Hi Christian,
On Thu, 11 Apr 2019 at 13:37, Christian Grün christian.gruen@gmail.com wrote:
Hi Chuck,
Martin already suggested that map construction via map:merge is preferable and faster (my personal experience is that there are just few cases in which map:put is a better choice).
Your query was an interesting one, though. In various cases, we drop type information at runtime, as it can be expensive to decorate all newly generated sequences with the correct type. As a result, the type of your function arguments is verified every time the function is called, and this takes additional time.
But as it’s always recommendable to declare types, and as this is not the first time that this is chasing me, I had some more thoughts, and I have found a good answer on how to improve generally typing at runtime! You can already be sure that your query will benefit from the upcoming optimizations, i.e., with BaseX 9.2.
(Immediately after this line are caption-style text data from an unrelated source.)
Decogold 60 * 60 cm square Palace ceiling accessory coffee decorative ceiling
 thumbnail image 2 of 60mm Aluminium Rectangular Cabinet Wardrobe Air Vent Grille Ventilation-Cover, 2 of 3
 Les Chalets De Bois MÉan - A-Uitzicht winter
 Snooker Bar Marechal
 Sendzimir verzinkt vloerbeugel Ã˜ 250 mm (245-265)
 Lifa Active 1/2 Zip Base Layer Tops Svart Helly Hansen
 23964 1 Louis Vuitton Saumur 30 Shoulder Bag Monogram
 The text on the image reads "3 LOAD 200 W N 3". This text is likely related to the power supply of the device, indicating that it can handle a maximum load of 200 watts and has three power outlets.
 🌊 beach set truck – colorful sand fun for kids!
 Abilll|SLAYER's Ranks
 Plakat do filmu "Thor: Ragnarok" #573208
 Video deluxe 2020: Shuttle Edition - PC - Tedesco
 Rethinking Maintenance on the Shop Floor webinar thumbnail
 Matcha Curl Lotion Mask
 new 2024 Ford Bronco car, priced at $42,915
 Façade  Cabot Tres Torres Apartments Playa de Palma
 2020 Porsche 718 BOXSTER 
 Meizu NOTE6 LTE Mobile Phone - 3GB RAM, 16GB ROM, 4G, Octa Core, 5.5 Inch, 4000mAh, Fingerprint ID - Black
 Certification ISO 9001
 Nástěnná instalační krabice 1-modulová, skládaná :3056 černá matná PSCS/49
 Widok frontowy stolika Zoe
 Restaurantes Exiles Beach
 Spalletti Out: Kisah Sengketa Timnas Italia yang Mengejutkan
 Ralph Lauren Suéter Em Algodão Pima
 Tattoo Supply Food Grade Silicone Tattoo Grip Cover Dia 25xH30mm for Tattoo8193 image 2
You may be interested in my https://github.com/rhdunn/xquery-intellij-plugin/blob/master/docs/XQuery%20I... document. It is the result of previous investigations in supporting static type analysis in my XQuery plugin. Specifically: 1. 3.2.1 Item Type Union -- computing the best matching union type of two item types. 2. 3.2.2 Sequence Type Union -- computing the union of two sequences for use in disjoint expressions such as the if and else branches of an IfExpr. 3. 3.2.3 Sequence Type Addition -- computing the resulting type that best matches an Expr.
The advantage of this is that the type information can be computed at compile time.
I was able to get a basic prototype implementation working for some expressions, and have tested the logic for the rules in that document. I haven't worked on this recently, as I have been adding other features to my plugin.
Kind regards, Reece
Due to this, and due to some other minor optimizations that are still
in progress, we decided to delay the release until beginning of next week.
Cheers Christian
On Thu, Apr 11, 2019 at 12:10 AM Chuck Bearden cfbearden@gmail.com wrote:
BaseX is a great tool for analyzing & characterizing large amounts of XML data. I have used it both at work and on personal projects. I hope the following observation is useful.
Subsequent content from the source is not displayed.